From his early days in Minnesota, which left an icy impression, through the storyboard of impressionism to film impresario, Terry Gilliam’s ride through popular and counter culture is one even the legendary Hunter S Thompson would admire. But Gilliam’s drug is comedic madness, his firearm celluloid.
Gilliamesque is, as one might expect from such an author, simultaneously over-frilled while somehow conspiring to have no frills at all.
In a sometimes wild but more often studious perusal of a life lived on seemingly fantastical terms, Gilliam manages to stick to a chronological plot while sabotaging it with irreverence mixed seamlessly with absorbing facts and candid scraps, which even the most careful eye might miss on first glance.
Through his time as a member of Monty Python’s Flying Circus and into the realm of film (he directed movies including Time Bandits, The Fisher King, 12 Monkeys, and Fear and Loathing in Las Vegas), through friendships and a genuine sorrow at the loss of such, Gilliam retains that implacable sense of tongue-in-cheek beautifully demonstrated in Python’s bizarre illustrations and perfectly timed interludes.

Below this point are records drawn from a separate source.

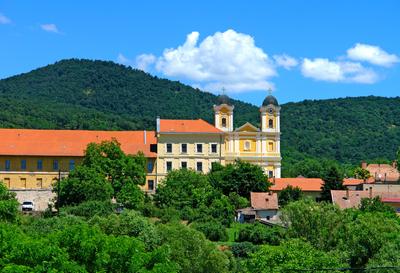 XVIII. században barokk stílusban épült templom Márianosztrán, a Börzsönyben-stock-foto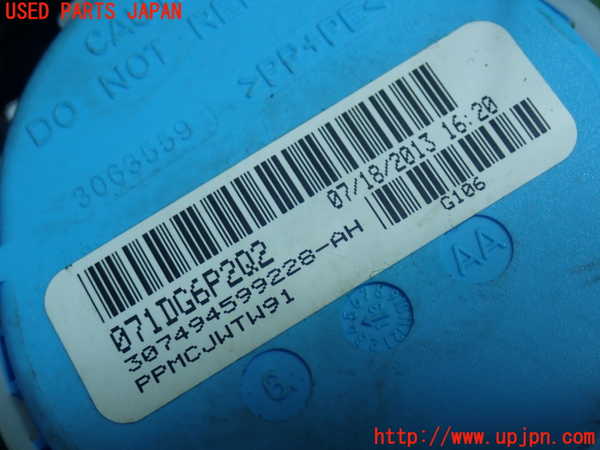 5UPJ-18177045]ベンツ A180 V177(176042)運転席シートベルト 中古_m0003.jpg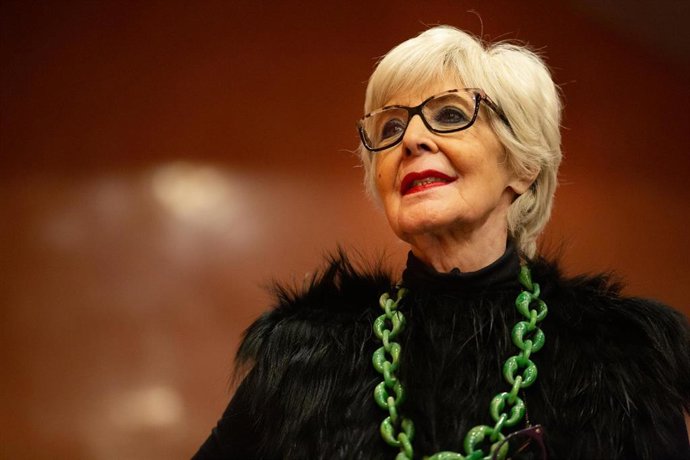 Archivo - La actriz Concha Velasco posa en la presentación de su obra `El Funeral, cuyo director es su hijo Manuel Martínez Velasco, en el Teatro Borràs, en Barcelona (España), a 11 de febrero de 2020.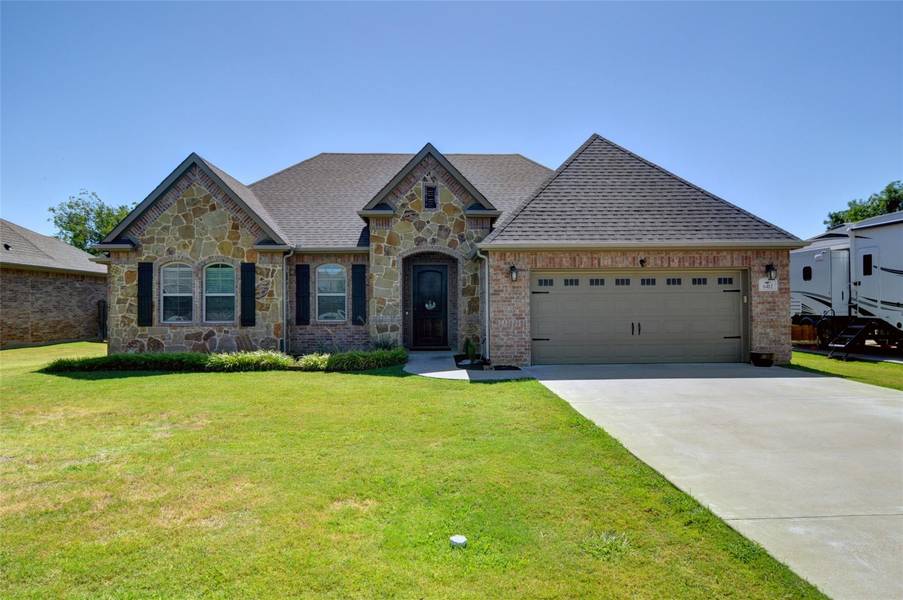 6412 Azur Meadows Drive, Burleson, TX 76058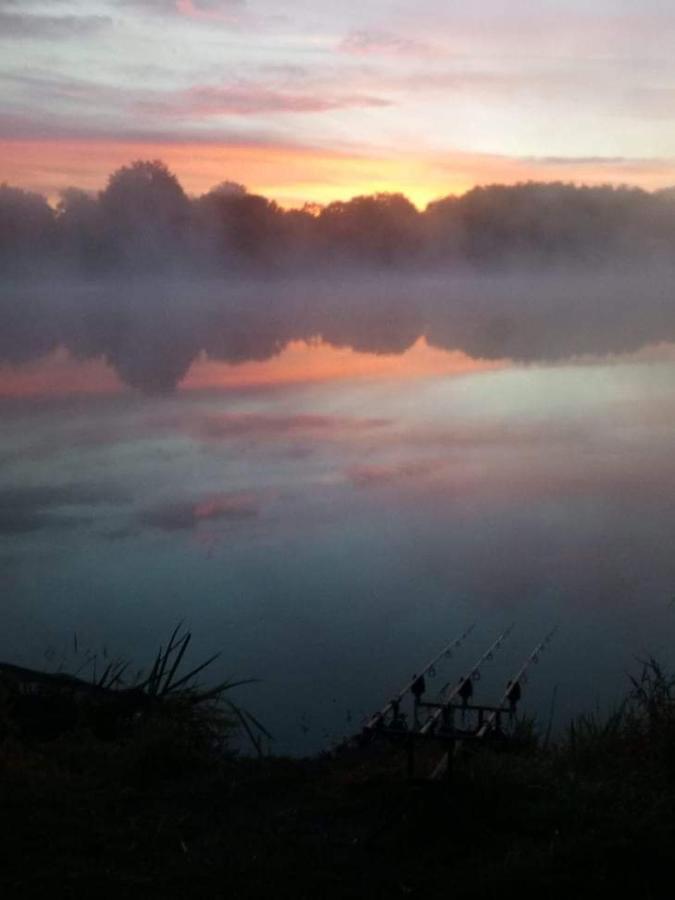 Le Chalet Du Coin Videix Luaran gambar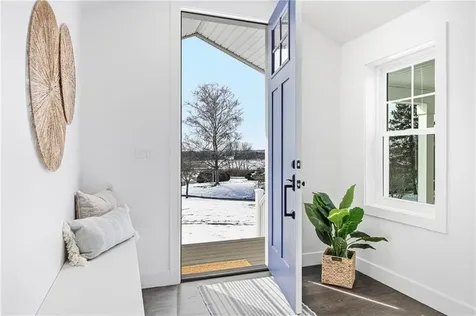 32 Arrowhead Drive Tiverton RI 02878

All of this makes Gilliamesque not such much a book but a coffee table in its own right.
For a man who has spent the majority of his artistic career behind the scenes, Gilliam’s literary directorship of his own life is a genuine account, glittering with big names dropped in the most non-self-gratuitous way possible.
This memoir delivers the “me me me” its cover art warns of while managing to drag the unwary reader into a gigantic story laced with everything but – and that, perhaps, has always been Terry Gilliam’s forte.
Gilliamesque, by Terry Gilliam, is published by Allen & Unwin, $59.99.